RTX has turned out to be the magic bullet for pemphigus treatment and is considered the first-line treatment of this difficult-to-treat disease (20). However, there is insufficient evidence to definitively conclude on the safety of RTX during the pandemic. For this purpose, high-quality controlled cohort and registry-based studies would be helpful. The data derived using high-quality studies could contribute to evidence-based medicine and the preparation of guidelines.

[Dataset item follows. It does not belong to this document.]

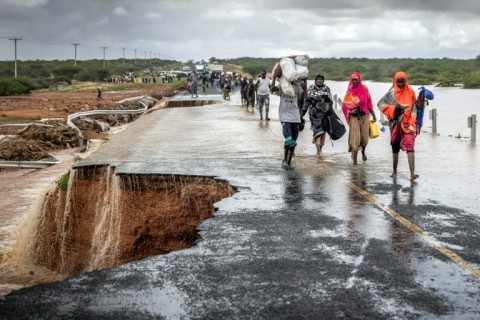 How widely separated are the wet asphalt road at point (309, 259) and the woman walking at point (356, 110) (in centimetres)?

Till then, RTX should be carefully considered on an individual basis for moderate to severe pemphigus after evaluating its risks and benefits (21). In all fields, prescribers should take extra precautions, evaluate the safety and efficacy of extended dosing intervals, and lower doses due to fundamental importance of this medication. Regarding the higher risk of infection, the risk of death and short-term and long-term complications of the disease, patients should be advised on proper adherence to preventive measures (6,22,23).
As mentioned earlier, a systematic searching was not applied in this study and all related literature was not investigated. Also, the discussion of vaccines in patients receiving RTX is beyond the subject of this article and should be addressed in future studies.
Conflict of Interest
The authors have no conflict of interest.